**Problem to solve**
The lines to return run from the one containing "Used 2023 Jeep Gladiator Sport image 6" through the end of the material; give them exactly and leave out the pictures.

**Extracted information**
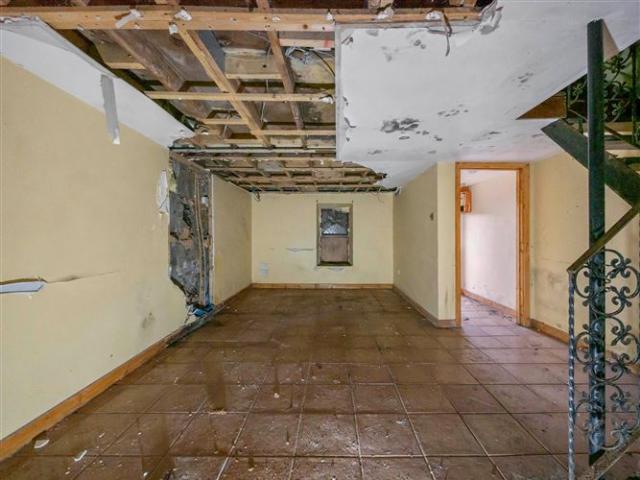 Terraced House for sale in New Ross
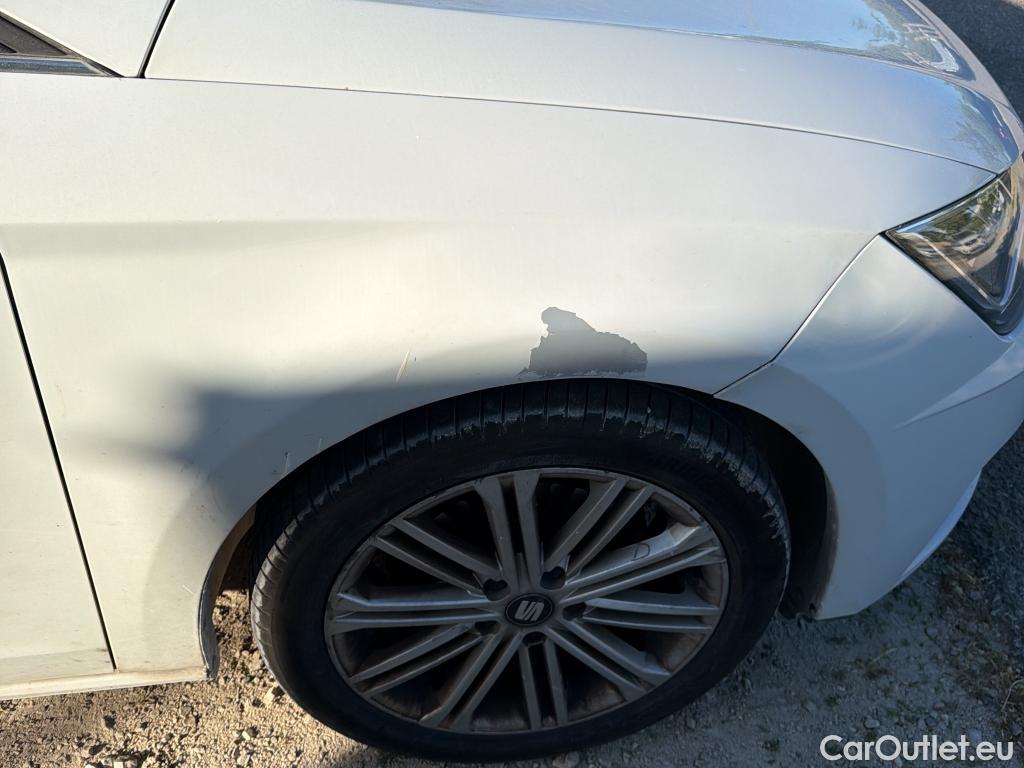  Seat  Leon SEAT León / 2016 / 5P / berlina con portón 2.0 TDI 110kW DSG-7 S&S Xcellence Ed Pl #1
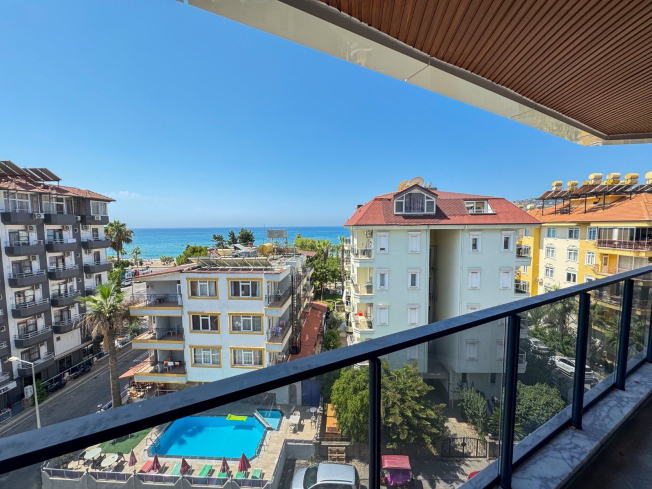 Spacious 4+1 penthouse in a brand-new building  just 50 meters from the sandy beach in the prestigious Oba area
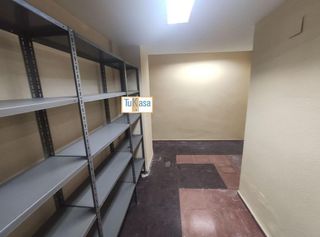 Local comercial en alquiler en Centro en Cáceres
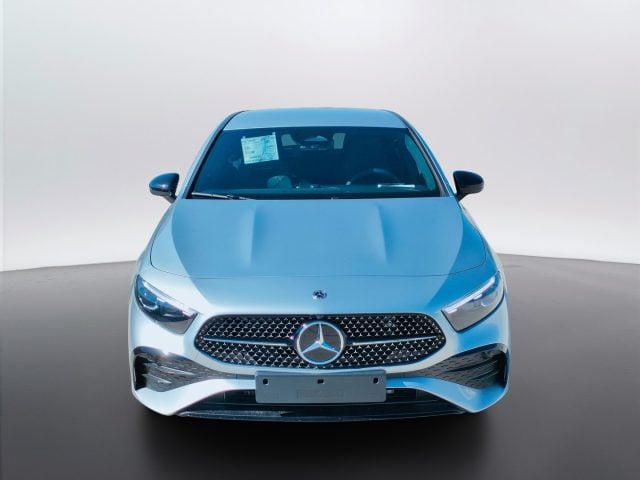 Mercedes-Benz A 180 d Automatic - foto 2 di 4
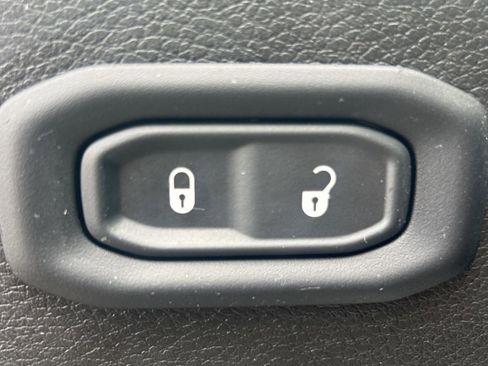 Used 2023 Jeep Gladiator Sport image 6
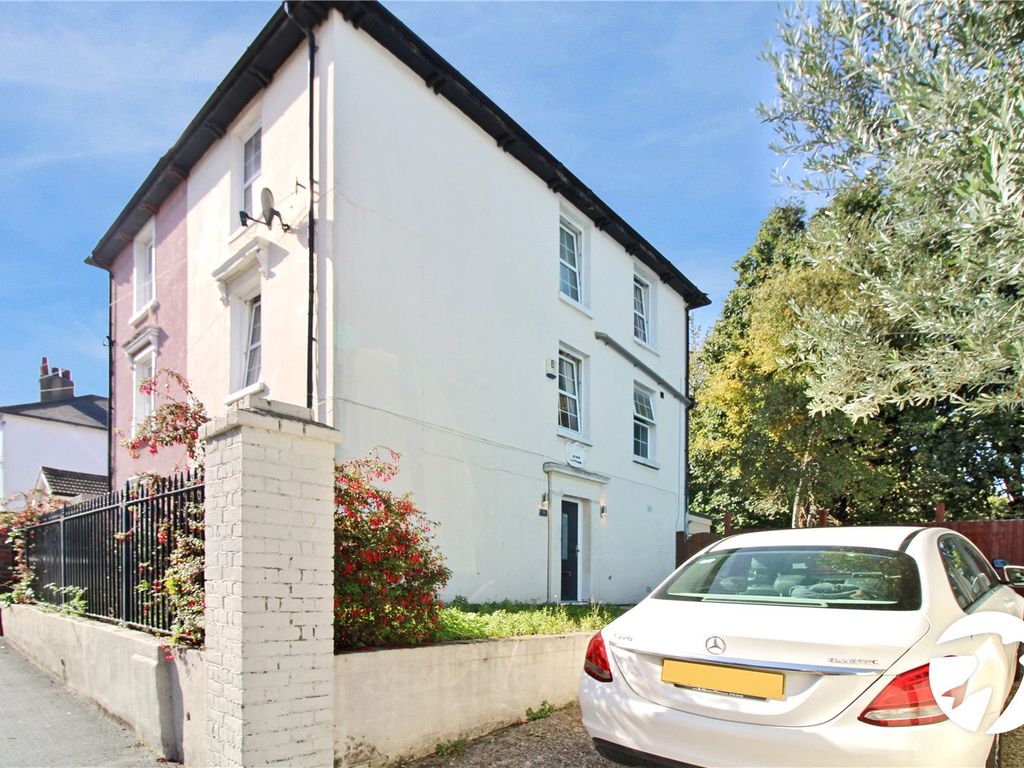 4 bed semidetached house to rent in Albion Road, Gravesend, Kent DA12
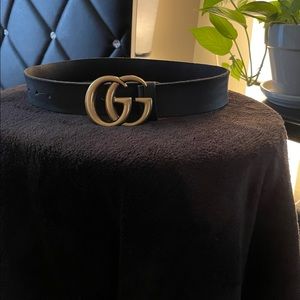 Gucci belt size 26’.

**Solution to this exercise**
 Used 2023 Jeep Gladiator Sport image 6
 4 bed semidetached house to rent in Albion Road, Gravesend, Kent DA12
 Gucci belt size 26’.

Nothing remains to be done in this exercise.